Murkowski, chairman of the Senate Energy and Natural Resources Committee, expressed her opposition to the tax hikes, fee increases, and other proposals in the President’s overall budget that would make the nation’s primary energy industries less competitive and less productive. Yet she also commended Secretary Moniz for largely keeping his Department’s budget free of unnecessary controversy, and for his continued commitment to working with members of both parties to find common ground.
Later in the hearing, Murkowski highlighted energy innovation in remote Alaska communities like Igiugig and how innovation in rural Alaska can help lower energy costs. The village received news this week that the Department of Energy awarded up to $1.54 million for the development of a marine hydrokinetic project that could help lower its current, 80-cent per kilowatt hour electricity costs.

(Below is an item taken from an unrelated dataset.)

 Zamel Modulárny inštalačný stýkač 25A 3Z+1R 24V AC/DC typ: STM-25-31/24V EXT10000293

“Alaska has 33,000 miles of coastline. Couple that with the vast river resources throughout the state, and marine hydrokinetic technologies would allow for communities to harness the power of rivers and tidewaters to produce energy and lower energy costs,” Murkowski said. “Igiugig is just one of the many examples in Alaska of innovative energy technologies that have the potential to be replicated in communities across the nation.”

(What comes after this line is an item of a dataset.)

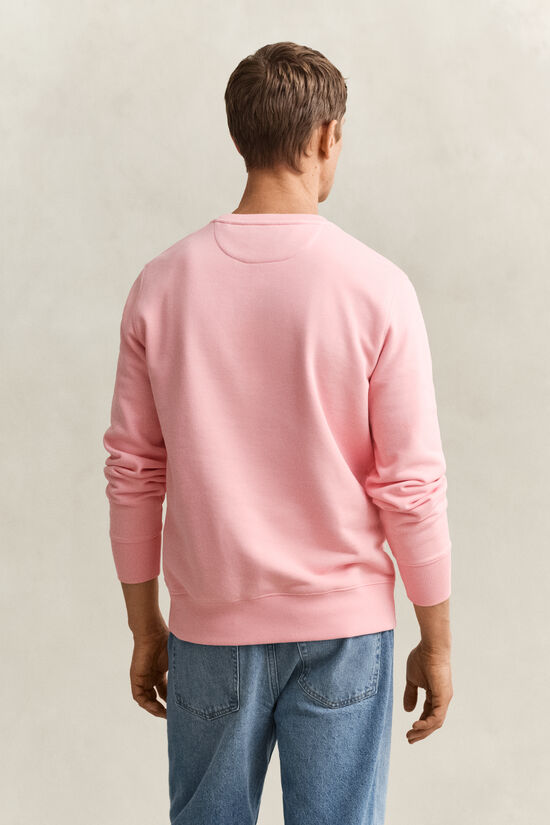 Sweat-shirt col rond avec &eacute;cusson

Moniz called Igiugig’s advancements in innovative energy technologies a tremendous success and said that the village’s efforts to lower energy costs could assist other communities as well. This was a common theme at February’s field hearing in Bethel, Alaska where Murkowski was joined by Moniz and five of her committee colleagues. That hearing examined opportunities to reduce high energy costs in rural Alaska and the progress many communities are making in energy innovation.
Archived video and witness testimony from Thursday’s hearing is available on the Senate Energy and Natural Resources Committee website.